Collected data
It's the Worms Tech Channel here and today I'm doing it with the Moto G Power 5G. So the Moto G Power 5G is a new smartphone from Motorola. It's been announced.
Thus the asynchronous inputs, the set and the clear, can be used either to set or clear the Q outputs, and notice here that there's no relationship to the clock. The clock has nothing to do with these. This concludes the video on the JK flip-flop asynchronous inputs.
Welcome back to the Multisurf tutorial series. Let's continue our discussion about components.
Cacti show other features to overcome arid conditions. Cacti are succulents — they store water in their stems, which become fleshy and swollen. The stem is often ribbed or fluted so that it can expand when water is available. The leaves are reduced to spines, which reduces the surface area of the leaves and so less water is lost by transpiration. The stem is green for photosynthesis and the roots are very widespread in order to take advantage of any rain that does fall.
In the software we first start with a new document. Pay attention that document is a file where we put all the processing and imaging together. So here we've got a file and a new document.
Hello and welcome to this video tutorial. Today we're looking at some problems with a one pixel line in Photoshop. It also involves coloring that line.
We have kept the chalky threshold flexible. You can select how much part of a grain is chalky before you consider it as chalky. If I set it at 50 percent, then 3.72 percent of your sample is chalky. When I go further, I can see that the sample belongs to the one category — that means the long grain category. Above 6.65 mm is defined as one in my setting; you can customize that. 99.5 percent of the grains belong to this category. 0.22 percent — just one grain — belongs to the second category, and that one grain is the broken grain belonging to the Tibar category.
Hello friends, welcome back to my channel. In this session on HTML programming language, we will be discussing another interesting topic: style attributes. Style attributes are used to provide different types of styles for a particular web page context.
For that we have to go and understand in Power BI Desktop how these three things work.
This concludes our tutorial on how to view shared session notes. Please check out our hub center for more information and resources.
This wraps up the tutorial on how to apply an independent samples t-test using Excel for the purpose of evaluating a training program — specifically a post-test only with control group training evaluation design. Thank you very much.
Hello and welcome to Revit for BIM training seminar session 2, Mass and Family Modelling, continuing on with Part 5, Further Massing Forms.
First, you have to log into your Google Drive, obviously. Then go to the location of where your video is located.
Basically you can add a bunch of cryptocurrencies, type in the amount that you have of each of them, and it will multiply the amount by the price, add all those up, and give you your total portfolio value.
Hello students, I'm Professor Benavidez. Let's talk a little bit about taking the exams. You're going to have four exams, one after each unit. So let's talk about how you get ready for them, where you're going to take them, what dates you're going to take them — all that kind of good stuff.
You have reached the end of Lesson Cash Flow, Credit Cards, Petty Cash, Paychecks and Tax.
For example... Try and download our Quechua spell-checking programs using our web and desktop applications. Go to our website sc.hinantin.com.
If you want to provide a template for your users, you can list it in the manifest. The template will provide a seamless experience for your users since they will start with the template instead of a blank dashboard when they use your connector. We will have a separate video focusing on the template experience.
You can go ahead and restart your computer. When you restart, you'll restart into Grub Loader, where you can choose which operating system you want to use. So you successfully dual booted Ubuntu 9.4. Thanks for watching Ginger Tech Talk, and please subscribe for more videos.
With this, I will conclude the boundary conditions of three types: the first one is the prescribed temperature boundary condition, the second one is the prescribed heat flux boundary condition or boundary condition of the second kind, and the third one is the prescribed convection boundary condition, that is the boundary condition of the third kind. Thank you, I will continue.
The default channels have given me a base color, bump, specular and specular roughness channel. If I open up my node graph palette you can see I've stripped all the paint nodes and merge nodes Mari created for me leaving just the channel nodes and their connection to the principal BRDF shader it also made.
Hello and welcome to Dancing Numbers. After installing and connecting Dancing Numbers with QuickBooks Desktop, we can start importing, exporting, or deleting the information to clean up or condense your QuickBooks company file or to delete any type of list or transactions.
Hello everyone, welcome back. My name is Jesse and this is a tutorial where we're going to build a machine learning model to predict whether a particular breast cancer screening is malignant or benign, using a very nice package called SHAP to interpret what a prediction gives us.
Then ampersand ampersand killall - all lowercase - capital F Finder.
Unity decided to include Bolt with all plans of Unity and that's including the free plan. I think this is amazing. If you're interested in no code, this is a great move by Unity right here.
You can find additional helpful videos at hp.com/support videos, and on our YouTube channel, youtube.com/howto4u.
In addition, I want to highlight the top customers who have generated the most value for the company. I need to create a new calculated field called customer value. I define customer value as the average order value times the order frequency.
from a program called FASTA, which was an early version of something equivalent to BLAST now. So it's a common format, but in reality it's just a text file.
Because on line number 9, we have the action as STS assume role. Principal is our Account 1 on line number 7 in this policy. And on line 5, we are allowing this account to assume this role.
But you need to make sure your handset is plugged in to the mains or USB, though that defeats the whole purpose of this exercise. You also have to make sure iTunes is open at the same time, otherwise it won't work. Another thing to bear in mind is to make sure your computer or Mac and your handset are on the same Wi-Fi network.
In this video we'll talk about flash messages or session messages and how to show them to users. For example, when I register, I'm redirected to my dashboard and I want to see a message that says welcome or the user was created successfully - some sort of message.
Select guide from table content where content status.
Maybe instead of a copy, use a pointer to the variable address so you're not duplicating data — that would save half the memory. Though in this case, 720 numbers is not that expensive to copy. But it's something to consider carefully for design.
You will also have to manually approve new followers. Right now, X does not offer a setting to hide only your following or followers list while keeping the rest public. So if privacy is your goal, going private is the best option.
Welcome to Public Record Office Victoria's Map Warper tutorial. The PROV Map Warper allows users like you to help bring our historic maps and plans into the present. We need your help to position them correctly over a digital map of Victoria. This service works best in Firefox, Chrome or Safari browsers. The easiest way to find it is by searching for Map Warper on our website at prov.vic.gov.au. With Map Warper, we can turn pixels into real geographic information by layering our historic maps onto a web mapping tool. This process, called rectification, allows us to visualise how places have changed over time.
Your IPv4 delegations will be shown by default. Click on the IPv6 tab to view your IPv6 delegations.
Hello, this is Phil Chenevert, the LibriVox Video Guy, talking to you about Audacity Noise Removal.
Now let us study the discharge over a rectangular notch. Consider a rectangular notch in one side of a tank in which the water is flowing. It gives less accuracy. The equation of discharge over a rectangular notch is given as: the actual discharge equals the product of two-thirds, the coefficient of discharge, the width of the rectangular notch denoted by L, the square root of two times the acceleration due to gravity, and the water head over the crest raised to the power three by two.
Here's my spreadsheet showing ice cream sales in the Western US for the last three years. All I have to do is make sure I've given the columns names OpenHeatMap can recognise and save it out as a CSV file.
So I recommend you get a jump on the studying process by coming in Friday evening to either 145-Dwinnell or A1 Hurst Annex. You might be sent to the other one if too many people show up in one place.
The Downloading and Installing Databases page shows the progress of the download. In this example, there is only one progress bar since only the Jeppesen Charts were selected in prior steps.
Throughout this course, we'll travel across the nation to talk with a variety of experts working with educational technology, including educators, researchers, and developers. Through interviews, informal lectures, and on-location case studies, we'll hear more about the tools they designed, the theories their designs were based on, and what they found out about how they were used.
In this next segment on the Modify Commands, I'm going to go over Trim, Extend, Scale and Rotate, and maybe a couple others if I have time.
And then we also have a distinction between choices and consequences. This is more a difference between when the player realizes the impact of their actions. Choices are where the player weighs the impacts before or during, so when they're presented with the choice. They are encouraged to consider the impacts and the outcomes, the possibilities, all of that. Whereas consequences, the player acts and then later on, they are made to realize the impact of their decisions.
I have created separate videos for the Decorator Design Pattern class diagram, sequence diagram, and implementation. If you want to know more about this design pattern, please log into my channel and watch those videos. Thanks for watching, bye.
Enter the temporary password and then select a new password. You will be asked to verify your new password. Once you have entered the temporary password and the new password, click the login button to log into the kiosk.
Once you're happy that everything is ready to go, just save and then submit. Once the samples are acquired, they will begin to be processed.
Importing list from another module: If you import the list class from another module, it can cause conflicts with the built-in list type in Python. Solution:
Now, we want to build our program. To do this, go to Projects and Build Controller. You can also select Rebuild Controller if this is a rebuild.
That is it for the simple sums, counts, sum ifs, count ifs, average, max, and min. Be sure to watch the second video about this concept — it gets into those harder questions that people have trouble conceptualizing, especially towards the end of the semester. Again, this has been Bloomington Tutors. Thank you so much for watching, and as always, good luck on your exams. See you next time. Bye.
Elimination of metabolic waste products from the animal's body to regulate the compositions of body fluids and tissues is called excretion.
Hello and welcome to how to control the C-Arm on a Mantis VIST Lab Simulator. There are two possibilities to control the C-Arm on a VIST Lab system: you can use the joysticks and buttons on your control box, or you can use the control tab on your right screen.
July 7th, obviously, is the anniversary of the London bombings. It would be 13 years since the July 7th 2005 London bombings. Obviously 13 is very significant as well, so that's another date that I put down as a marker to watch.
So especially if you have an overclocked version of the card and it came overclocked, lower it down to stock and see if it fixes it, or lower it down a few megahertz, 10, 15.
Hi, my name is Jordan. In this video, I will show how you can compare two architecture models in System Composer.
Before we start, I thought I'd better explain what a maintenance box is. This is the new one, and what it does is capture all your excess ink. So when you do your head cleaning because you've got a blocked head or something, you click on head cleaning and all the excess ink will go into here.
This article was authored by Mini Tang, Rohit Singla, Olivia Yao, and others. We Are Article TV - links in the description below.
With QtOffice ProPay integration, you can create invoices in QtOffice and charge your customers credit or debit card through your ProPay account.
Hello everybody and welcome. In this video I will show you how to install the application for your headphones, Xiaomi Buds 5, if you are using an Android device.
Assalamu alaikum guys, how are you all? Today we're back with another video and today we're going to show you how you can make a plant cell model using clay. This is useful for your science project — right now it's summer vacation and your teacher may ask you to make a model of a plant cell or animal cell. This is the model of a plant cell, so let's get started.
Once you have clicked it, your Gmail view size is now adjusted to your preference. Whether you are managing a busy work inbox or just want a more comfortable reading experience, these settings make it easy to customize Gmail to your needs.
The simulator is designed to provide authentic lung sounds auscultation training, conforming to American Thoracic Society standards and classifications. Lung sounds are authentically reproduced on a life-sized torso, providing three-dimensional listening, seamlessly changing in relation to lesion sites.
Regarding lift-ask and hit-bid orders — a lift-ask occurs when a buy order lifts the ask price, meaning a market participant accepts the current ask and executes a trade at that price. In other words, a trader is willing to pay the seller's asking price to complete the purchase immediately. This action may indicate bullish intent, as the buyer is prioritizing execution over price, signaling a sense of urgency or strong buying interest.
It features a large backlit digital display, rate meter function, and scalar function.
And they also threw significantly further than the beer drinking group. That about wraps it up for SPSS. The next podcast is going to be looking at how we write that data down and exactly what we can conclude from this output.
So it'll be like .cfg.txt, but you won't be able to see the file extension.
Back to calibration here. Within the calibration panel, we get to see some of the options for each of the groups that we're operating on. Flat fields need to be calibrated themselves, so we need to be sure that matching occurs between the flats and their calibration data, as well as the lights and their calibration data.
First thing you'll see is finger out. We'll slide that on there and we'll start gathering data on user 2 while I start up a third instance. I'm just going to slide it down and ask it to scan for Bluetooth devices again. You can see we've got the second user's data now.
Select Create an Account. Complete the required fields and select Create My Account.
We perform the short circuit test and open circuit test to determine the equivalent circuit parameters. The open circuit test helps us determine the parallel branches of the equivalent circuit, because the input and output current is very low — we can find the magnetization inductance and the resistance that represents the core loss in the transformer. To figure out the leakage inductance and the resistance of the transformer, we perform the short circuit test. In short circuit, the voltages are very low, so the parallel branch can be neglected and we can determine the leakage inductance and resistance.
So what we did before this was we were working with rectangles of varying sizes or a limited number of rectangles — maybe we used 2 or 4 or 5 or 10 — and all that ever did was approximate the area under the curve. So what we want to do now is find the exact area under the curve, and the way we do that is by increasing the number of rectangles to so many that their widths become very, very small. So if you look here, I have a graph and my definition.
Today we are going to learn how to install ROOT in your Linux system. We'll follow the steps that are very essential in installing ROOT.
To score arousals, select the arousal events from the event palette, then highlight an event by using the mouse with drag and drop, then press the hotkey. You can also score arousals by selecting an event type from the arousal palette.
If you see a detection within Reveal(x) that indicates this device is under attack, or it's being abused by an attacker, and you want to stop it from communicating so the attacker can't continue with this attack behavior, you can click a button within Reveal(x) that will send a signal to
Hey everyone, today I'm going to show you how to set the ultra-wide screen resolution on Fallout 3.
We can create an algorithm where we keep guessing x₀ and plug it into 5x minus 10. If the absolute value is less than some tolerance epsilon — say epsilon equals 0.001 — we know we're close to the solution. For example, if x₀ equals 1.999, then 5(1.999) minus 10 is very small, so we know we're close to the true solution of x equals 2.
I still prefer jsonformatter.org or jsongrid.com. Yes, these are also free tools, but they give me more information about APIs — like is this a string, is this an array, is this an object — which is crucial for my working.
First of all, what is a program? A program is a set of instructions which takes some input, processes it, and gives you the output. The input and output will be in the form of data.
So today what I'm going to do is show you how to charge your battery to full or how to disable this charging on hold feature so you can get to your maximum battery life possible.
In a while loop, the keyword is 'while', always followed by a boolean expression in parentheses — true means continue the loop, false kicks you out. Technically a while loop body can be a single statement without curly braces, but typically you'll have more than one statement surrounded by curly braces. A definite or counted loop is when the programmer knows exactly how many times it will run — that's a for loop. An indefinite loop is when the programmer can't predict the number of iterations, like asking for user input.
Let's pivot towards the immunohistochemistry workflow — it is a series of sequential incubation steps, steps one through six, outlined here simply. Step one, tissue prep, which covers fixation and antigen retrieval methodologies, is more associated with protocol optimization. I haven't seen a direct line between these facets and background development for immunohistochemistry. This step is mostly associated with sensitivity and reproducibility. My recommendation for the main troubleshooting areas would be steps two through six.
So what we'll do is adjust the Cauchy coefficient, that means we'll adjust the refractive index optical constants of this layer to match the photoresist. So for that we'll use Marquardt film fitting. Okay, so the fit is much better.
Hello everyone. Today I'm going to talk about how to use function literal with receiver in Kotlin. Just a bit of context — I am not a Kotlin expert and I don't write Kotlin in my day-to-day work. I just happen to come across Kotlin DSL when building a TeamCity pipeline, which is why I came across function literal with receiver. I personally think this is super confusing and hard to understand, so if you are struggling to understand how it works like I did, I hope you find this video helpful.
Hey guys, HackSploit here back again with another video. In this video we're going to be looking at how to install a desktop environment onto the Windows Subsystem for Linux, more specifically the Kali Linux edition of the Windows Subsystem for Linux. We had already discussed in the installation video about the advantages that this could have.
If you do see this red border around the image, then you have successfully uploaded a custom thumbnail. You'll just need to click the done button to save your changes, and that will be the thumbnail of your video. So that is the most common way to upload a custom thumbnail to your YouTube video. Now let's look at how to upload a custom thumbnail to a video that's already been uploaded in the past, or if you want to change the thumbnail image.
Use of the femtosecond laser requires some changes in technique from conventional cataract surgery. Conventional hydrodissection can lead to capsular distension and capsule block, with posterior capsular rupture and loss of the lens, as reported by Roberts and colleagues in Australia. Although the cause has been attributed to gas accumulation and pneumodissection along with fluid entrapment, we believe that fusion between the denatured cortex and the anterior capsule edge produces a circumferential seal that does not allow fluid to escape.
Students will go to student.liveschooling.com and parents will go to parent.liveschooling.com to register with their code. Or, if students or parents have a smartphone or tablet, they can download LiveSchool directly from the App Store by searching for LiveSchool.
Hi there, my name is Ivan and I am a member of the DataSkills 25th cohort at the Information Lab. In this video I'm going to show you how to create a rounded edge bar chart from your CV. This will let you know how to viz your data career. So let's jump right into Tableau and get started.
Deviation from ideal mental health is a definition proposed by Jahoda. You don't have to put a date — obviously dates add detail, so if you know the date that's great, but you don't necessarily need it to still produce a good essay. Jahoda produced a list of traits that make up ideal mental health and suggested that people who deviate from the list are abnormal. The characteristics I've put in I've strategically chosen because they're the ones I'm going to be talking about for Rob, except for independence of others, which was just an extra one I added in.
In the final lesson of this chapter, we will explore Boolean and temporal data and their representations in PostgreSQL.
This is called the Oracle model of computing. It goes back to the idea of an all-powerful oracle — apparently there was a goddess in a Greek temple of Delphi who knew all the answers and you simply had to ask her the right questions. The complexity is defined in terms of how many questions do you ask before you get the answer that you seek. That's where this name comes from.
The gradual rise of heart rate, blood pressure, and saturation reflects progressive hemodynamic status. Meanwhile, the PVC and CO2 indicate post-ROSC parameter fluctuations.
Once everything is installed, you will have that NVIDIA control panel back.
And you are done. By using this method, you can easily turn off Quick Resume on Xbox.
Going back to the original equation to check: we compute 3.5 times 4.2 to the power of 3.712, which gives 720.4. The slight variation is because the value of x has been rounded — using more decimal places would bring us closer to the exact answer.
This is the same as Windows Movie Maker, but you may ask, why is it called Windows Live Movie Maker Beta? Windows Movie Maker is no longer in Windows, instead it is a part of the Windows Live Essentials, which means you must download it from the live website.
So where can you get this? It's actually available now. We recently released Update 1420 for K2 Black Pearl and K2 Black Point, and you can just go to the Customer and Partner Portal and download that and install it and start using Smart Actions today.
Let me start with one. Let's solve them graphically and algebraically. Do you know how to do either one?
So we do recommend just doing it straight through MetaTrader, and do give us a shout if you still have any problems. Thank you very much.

The task |
The entries above hold the needed span. Transcribe exactly the lines from the one with "First, you have" to the one with "Hello students, I'm", both included.

Finished task |
First, you have to log into your Google Drive, obviously. Then go to the location of where your video is located.
Basically you can add a bunch of cryptocurrencies, type in the amount that you have of each of them, and it will multiply the amount by the price, add all those up, and give you your total portfolio value.
Hello students, I'm Professor Benavidez. Let's talk a little bit about taking the exams. You're going to have four exams, one after each unit. So let's talk about how you get ready for them, where you're going to take them, what dates you're going to take them — all that kind of good stuff.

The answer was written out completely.